As mentioned before, Delta Eta has a commitment to our alumna. Not only do we have an incredible Advisory Board who help us daily, but there are other Kappas who we have been able to touch in remarkable ways. One such woman was found by a member of our Panhellenic community. She worked in a nursing home and one of the ladies she cared for was a Kappa Alumna from a different chapter. The old woman would often recount her collegiate days and how much Kappa had meant to her. Our chapter received word and we organized a trip to give her a lavaliere and sing her a song. Following that trip, we learned that her birthday would be over Inspiration Week and we once again visited her, bringing along a few members of the Beta Theta Pi Fraternity, (her favorite fraternity) where they sang her their sweetheart song. This special connection with a sister, though many years apart in age, once again affirmed the sisterhood and connection that Kappa binds us with – one that we hope will be there for us when we are old and sitting in a nursing home.

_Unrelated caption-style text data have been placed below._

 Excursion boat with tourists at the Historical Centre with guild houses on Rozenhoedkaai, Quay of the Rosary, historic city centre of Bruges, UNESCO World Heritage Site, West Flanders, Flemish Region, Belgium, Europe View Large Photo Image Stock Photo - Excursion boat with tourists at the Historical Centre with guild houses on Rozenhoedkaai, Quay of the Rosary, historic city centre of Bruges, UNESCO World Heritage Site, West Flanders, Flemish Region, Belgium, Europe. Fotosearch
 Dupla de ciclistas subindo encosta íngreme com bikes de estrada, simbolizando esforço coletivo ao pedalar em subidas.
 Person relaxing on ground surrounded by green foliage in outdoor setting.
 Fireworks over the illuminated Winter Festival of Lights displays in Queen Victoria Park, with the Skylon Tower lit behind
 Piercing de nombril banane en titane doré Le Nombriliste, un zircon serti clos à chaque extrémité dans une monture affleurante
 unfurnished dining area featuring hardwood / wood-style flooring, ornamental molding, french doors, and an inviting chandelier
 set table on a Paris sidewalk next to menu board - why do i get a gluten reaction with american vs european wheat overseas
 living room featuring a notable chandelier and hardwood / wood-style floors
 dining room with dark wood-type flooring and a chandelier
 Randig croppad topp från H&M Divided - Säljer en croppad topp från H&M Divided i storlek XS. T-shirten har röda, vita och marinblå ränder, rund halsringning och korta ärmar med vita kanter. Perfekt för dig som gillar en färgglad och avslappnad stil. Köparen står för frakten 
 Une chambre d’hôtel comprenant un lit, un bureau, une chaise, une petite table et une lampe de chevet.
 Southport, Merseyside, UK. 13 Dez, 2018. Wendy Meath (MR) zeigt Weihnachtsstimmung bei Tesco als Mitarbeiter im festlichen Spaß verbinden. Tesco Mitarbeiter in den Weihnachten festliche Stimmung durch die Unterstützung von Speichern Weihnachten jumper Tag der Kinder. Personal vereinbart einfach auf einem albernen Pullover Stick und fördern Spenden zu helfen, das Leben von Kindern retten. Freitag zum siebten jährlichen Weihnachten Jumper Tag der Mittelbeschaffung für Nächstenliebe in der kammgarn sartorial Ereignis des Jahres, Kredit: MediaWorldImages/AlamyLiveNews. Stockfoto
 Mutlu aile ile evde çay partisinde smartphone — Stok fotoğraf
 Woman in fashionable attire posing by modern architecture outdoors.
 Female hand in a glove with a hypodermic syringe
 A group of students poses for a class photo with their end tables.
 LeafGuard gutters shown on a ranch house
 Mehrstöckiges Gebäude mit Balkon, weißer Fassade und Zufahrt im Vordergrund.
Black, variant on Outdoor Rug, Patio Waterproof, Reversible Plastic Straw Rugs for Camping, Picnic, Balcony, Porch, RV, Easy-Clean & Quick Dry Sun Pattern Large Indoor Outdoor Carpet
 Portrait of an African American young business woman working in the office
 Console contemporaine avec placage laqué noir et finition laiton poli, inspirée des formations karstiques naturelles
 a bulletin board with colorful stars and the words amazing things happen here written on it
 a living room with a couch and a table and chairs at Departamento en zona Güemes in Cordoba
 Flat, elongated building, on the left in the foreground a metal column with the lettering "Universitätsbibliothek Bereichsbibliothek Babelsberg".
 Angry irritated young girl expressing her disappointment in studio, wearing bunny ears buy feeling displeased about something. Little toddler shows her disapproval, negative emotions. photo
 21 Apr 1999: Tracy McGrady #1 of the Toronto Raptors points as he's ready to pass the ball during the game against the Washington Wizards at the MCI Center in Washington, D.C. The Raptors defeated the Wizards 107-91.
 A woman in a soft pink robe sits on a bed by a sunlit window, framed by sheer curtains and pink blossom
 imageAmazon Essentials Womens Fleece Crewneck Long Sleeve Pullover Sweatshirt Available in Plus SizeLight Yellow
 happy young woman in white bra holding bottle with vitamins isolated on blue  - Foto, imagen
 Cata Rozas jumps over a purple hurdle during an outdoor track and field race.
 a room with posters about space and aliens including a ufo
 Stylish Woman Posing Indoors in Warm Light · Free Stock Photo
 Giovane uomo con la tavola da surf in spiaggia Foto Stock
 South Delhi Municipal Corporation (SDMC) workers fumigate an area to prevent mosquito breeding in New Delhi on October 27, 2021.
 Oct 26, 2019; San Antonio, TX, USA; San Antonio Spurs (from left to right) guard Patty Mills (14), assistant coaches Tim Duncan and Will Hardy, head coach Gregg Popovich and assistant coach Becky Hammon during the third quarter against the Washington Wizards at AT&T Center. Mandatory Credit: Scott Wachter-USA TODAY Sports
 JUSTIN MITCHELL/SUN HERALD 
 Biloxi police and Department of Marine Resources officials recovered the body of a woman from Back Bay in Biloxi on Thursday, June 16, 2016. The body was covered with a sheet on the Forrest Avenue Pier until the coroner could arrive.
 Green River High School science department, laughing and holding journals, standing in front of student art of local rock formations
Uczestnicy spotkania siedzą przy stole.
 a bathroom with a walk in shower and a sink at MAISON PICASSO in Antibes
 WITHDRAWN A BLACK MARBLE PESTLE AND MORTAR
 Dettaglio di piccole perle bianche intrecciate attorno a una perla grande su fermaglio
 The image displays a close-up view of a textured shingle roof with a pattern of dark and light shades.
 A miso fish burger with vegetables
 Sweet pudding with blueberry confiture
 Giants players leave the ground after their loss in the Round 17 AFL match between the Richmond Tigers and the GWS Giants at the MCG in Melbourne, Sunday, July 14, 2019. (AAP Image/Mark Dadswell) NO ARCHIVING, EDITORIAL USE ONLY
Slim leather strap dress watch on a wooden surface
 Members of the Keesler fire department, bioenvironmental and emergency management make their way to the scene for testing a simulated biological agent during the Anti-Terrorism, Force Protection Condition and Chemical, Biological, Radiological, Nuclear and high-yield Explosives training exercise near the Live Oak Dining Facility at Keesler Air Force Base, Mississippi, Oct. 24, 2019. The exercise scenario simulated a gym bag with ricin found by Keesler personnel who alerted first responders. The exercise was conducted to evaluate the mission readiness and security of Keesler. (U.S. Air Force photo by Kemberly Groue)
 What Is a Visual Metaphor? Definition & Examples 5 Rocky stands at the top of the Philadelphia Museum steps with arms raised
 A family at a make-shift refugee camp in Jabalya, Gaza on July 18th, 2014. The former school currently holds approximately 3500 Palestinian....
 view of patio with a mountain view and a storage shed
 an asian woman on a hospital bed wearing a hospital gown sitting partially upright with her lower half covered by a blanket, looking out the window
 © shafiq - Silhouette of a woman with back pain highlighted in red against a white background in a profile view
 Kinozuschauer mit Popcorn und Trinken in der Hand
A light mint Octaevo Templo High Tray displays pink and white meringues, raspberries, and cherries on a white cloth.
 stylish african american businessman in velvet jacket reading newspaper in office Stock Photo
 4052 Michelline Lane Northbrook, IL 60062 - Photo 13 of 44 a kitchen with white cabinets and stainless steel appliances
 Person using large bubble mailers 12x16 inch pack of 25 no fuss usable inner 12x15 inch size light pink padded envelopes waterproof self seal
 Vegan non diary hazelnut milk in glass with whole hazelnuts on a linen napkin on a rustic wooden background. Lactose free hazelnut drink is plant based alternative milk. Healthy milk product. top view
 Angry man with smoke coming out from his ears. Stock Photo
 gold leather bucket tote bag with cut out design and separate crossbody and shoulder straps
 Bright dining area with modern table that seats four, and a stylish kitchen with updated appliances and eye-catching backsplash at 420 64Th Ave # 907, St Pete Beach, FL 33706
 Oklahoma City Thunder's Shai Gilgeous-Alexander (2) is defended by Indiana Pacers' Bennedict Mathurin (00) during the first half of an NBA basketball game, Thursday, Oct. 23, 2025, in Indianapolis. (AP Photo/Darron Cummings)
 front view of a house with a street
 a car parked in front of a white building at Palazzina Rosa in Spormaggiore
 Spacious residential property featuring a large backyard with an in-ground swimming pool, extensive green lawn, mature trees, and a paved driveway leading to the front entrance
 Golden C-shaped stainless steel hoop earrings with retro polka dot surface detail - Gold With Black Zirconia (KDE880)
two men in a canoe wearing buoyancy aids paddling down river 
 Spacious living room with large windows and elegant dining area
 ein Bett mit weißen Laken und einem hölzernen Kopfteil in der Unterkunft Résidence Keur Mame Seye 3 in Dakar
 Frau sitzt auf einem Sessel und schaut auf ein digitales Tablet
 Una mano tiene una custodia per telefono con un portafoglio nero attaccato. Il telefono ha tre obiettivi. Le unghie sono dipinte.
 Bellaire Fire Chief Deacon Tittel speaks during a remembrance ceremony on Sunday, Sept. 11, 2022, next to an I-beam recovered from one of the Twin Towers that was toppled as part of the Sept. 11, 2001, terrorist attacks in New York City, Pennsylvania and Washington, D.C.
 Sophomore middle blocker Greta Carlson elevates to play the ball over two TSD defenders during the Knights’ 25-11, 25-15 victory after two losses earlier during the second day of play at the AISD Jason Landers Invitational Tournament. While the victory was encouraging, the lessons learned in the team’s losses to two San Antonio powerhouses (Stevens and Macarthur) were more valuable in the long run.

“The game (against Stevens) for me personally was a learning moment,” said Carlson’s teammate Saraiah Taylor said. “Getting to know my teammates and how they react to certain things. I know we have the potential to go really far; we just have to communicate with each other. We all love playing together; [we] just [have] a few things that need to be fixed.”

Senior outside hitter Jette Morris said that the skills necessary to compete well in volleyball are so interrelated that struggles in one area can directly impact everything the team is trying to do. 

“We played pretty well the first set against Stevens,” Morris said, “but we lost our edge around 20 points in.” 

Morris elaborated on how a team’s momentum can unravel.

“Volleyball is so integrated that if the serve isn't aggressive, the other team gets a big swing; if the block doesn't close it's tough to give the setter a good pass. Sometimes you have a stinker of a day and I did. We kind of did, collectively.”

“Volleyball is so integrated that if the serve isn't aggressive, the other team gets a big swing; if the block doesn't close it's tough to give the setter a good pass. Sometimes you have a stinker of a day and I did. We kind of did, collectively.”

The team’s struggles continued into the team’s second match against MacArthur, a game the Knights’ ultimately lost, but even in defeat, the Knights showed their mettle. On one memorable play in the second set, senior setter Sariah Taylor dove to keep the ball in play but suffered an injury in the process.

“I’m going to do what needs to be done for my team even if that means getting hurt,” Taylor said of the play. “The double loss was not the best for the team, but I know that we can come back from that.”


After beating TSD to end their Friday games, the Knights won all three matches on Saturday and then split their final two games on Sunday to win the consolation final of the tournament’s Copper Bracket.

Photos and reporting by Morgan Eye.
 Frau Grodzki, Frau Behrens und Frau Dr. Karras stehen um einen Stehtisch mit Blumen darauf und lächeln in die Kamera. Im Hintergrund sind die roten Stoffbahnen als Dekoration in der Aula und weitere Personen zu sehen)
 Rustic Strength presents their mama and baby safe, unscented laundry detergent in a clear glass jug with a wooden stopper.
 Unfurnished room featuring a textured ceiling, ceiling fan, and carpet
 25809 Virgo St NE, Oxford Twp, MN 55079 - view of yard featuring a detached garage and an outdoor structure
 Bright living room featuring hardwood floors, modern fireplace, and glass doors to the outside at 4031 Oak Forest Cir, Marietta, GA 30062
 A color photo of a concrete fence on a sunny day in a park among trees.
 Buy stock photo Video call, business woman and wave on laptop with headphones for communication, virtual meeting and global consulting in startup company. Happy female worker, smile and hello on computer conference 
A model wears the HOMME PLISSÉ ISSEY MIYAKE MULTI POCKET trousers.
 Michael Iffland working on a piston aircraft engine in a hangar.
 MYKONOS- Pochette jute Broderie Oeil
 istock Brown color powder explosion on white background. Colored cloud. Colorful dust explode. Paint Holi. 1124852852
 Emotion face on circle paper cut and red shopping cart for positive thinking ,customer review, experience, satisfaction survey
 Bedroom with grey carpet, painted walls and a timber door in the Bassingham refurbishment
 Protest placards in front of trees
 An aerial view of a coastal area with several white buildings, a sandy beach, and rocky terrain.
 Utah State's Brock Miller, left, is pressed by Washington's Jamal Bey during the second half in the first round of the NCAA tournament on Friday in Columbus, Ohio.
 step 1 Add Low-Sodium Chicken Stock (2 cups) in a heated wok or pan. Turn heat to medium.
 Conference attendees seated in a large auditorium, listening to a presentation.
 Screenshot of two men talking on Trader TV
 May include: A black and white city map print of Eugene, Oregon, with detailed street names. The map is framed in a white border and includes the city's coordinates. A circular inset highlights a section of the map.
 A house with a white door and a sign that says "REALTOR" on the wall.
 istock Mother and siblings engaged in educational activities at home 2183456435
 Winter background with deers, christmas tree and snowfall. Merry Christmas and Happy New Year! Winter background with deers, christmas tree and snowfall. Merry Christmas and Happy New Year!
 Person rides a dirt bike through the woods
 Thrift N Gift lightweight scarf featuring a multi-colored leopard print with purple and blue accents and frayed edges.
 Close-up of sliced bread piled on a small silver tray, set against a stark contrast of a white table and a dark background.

At the beginning of the year, the chapter came up with a few goals to work towards. The first regarded Chapter Management. We had hoped to readdress the chapter goals every month and ensure that committee meetings always had a purpose. Unfortunately, this seemed to be forgotten as the year progressed. We hope to improve this in the following year. The second chapter goal regarded recruitment. It was expected that Kamp Kappa would be lengthened and that member morale would be improved during recruitment. This was heartily addressed and was a successful change. Recruitment ran more smoothly and we had the largest pledge class on the row following fall recruitment. The final chapter goal regarded campus and community involvement. The chapter felt that we needed to strengthen our reputation in the community. In response to this, Nandini Deo, as Philanthropy Chair, informed members of a wide variety of community opportunities to volunteer and we increased our attendance at Panhellenic and Fraternity activities and philanthropies.

Overall, 2015 has been a success for the Delta Eta Chapter of Kappa Kappa Gamma. Certainly, in the years after, with joy and with laughter, we’ll always remember 2015. Moving forward with such a great year behind us, we look forward to seeing what 2016 has in store.